If you are reading this, you probably know that all-too-familiar feeling of burn-out, being overwhelmed, overworked or being just over-everything.
If you are responding to emails long after the kids are in bed and fielding phone calls on the weekend during sports practices, it might be time to hit that pause button. Disconnect. Recharge. Take a break.
France was on to something with its new labor law making it illegal for workers to respond to emails and phone calls after work. It’s already on a 35-hour work week with six weeks of annual paid leave. Hurray France for leading in the work-life balance movement!
So right after working on two large projects and right around the time the school year ended for my daughter, I did just that. My inbox was overflowing. My to-do-list as a mile-long. I was tired, cranky and dragging my heels with other things that needed to be done quickly. Or so I thought. What I realized was that some things can wait.

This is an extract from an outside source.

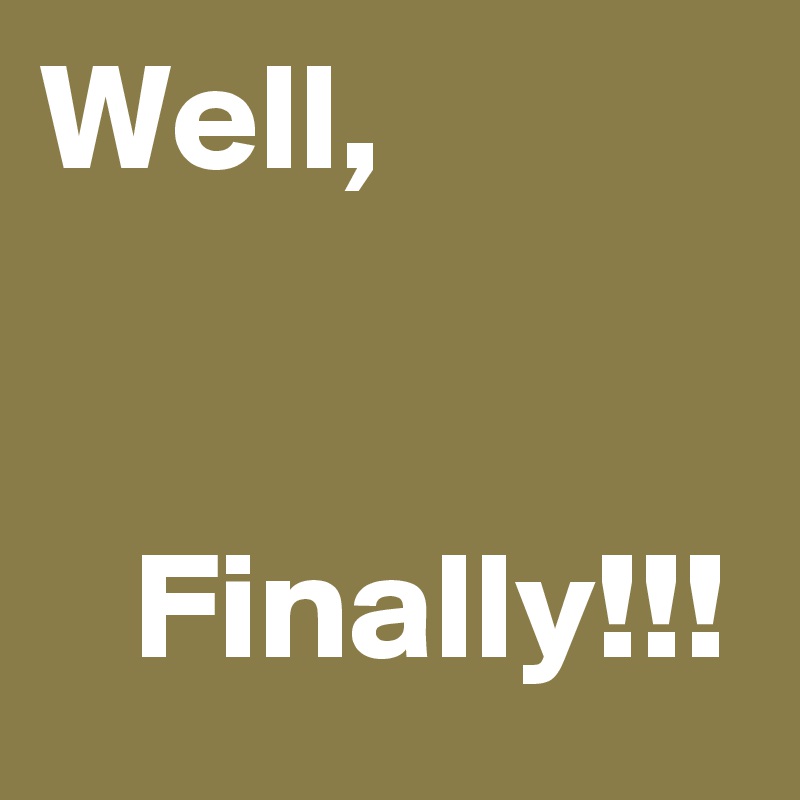Well, 
      

   Finally!!!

So we packed our bags and drove over 1,600 miles to camp, hike and disconnect from this big, noisy world.
Guess what? We both loved it.
Here’s why disconnecting and hitting the pause button can be good for you:
Simple is good.
From cooking basic meals to getting to places, you realize you can make do without gadgets. I was so proud of my daughter for knowing how to read maps (yes, those paper ones you get from AAA and the National Park Service) and directing us to where we needed to go.

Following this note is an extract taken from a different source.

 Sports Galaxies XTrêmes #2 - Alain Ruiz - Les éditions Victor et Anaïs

You have more time to talk to people.
From late-night chats under the stars to actually conversing with strangers on a hike, you are not hiding behind a gadget checking your newsfeed or tweeting. My best conversations with my daughter took place in a two-person tent, in a quiet campsite. No interruptions. No warnings to “Turn off that TV now.”

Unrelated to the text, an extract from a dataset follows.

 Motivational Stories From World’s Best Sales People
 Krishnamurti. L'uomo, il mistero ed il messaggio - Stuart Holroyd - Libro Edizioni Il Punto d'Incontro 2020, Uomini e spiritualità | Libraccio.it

You’ll develop a heightened sense of awareness.
Without electronic distractions, you pay more attention to your surroundings. Sure, the gigantic pine trees were incredible but we actually learned their names, distinguishing traits and where they thrive. We learned the names and hometowns of everyone we met and hiked with. We paid attention to sounds in the forest and at our campsites, staying alert for wildlife.
You’ll come back with a deeper appreciation of what you have.
Not everyone can take a break. We have families to take care of and work obligations to fulfill. So if you are able to disconnect, relish every minute and be thankful you are able to do it.
You’ll come back refreshed, reenergized and ready to tackle the world again.
Need I say more?
So do it. Whether it’s two days or 12 or 32 days (lucky you!), take some time to hit pause every now and then. That email can wait.